◆ **Problem statement**:
For this exercise, write out only the lines of the entries below from the one with "22 ���� 2023" up to and including the one with "Жили-были - 21", exactly as they are. Pictures stay out.

◆ **Source data**:
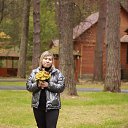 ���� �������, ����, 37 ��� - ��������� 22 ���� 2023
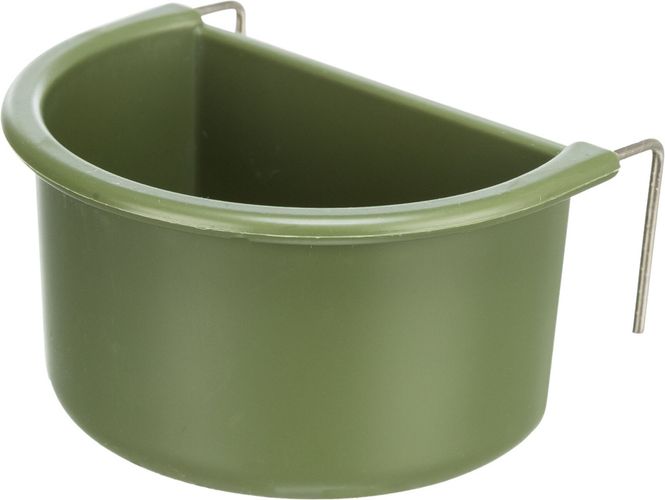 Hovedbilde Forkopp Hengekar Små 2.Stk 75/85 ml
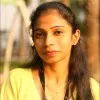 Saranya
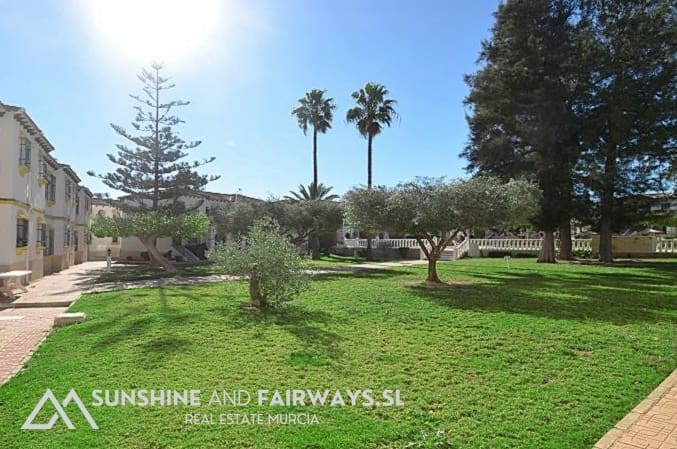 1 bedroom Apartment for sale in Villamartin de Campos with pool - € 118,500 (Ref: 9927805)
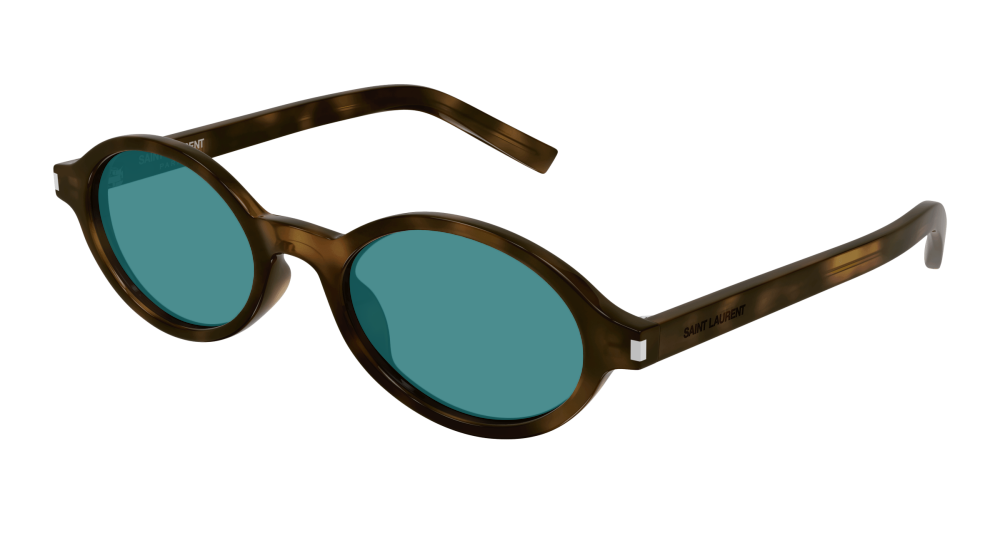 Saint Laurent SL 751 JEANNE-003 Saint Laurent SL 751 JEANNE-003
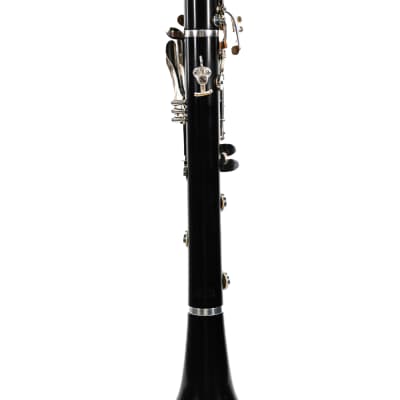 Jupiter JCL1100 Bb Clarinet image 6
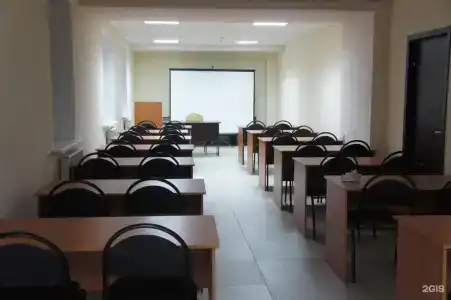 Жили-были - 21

* * *

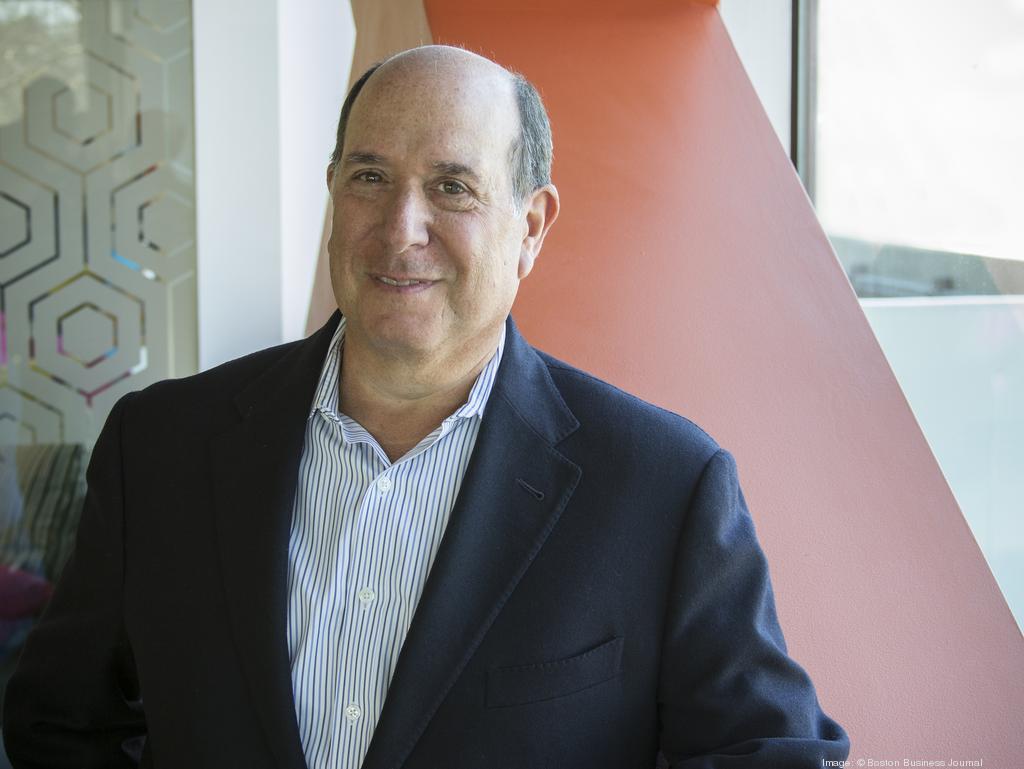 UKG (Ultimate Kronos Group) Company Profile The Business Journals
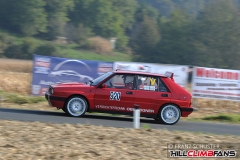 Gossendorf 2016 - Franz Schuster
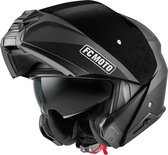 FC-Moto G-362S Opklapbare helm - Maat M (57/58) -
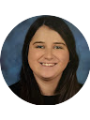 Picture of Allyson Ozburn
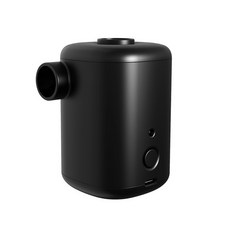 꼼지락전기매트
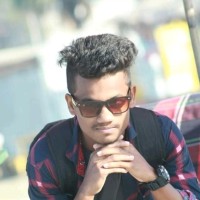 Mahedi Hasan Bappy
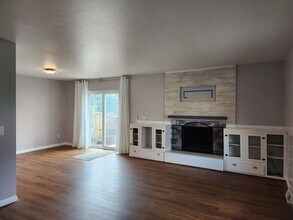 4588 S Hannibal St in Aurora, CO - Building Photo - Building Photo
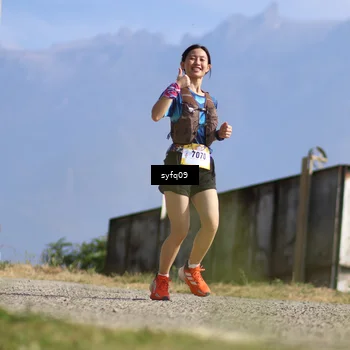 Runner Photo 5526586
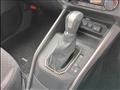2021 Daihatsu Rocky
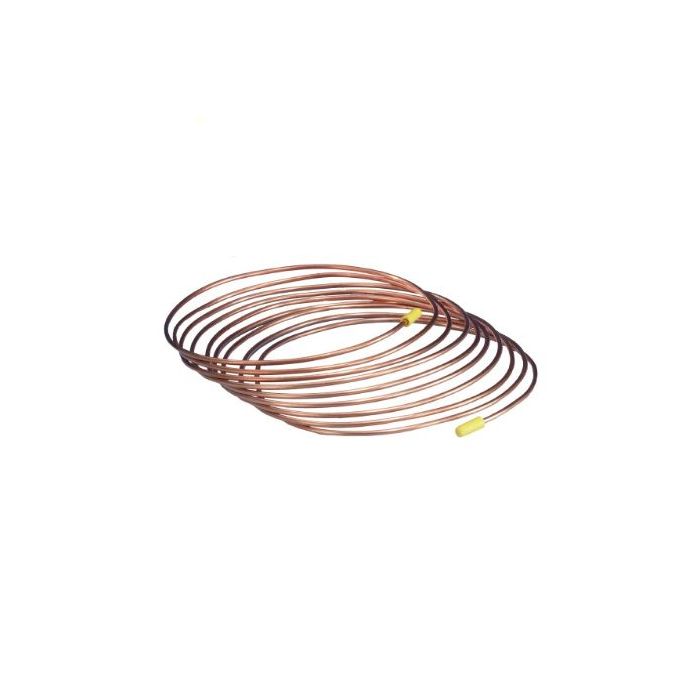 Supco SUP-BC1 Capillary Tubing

◆ **Problem solution**:
 ���� �������, ����, 37 ��� - ��������� 22 ���� 2023
 Hovedbilde Forkopp Hengekar Små 2.Stk 75/85 ml
 Saranya
 1 bedroom Apartment for sale in Villamartin de Campos with pool - € 118,500 (Ref: 9927805)
 Saint Laurent SL 751 JEANNE-003 Saint Laurent SL 751 JEANNE-003
 Jupiter JCL1100 Bb Clarinet image 6
 Жили-были - 21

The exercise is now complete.